EVERY so often, the price of petrol rises mysteriously. What costs $1.10 on Wednesday costs $1.30 by Saturday.
Why? The case of the extra 20 cents per litre should be an easy one to solve.There are only a handful of major fuel retailers in Australia. Caltex and Woolworths are in a joint venture. Coles bought out Shell. Then there are 7-Eleven and BP. These players control the majority of the market.
Just last year the Australian Competition and Consumer Commission announced fuel profit margins were the highest since record-keeping began. “Unreasonably high,” it called prices.

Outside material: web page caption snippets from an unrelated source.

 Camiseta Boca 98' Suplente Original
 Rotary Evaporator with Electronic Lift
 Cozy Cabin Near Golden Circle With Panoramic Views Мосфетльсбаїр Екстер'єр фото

The ACCC is constantly haranguing fuel retailers. A major court action against five petrol retailers was resolved last December with a court forcing them to publicise the numbers in their formerly private price-sharing arrangement. The ACCC also monitors petrol stations and publishes report after report on the state of the industry.
And yet the fuel price cycle repeats and repeats. If you’re in Perth, the petrol price cycle is weekly.
Two big companies that have a big stake in fuel are Woolworths and Coles. They also control a big share of groceries, liquor, and hardware.
Of course, Australia is not a big country. Our population is not large enough to support huge numbers of competitors like they have in America.
The US has dozens of competing supermarkets — Walmart is the biggest and it has less than 30 per cent of the market. Then there’s Kroger and Safeway and Whole Foods, Sprouts, Trader Joes, Dollar Stores, Costco and many, many more.
We, meanwhile, have two major chains, plus Aldi and IGA.
Not to mention telecommunications, banks and media.
High market concentration is a major risk for low levels of competition. And competition is really important.
COMPETITION — THE KING
Economics says capitalism and free markets work best when companies compete hard on price and quality, always offering us cool new products at better prices. And yeah, they do that. Sometimes. But they also spend a lot of time finding ways to do the opposite. Offer us the same old products at higher and higher prices.
Companies can make big profits in two ways. By being the best competitor, or finding ways to reduce competition in their markets. It should be no surprise when they collude, cheat, or trick us. That’s what the incentives tell them to do.
But when this happens, the point of a free market economy goes out the window. Instead of the benefits of markets coming to us, the consumers, the benefits stay in the pockets of those big companies. This is why we have to make sure competition is razor sharp.
So what are we doing to maximise competition? The answer is not enough. The ACCC does what it can. It has around 100 investigations going and has recently taken to court companies trying to subvert competition in the cement, high voltage cables, ball bearings and credit card industries.
The head of the ACCC recently said it simply can’t do more. “Our resources are very limited and our investigators are fully stretched. Our most difficult issue is to decide what to investigate and what not to.”
It seems clear we should give the ACCC more oomph.
A big set of legal changes to help electrify competition is due to go through the Senate soon — probably after the election. Will they be enough to prevent our economy from falling into the hands of two or three big companies? I don’t know. One way we may be able to tell they’re working is if the mystery of the rising petrol price is never heard of again.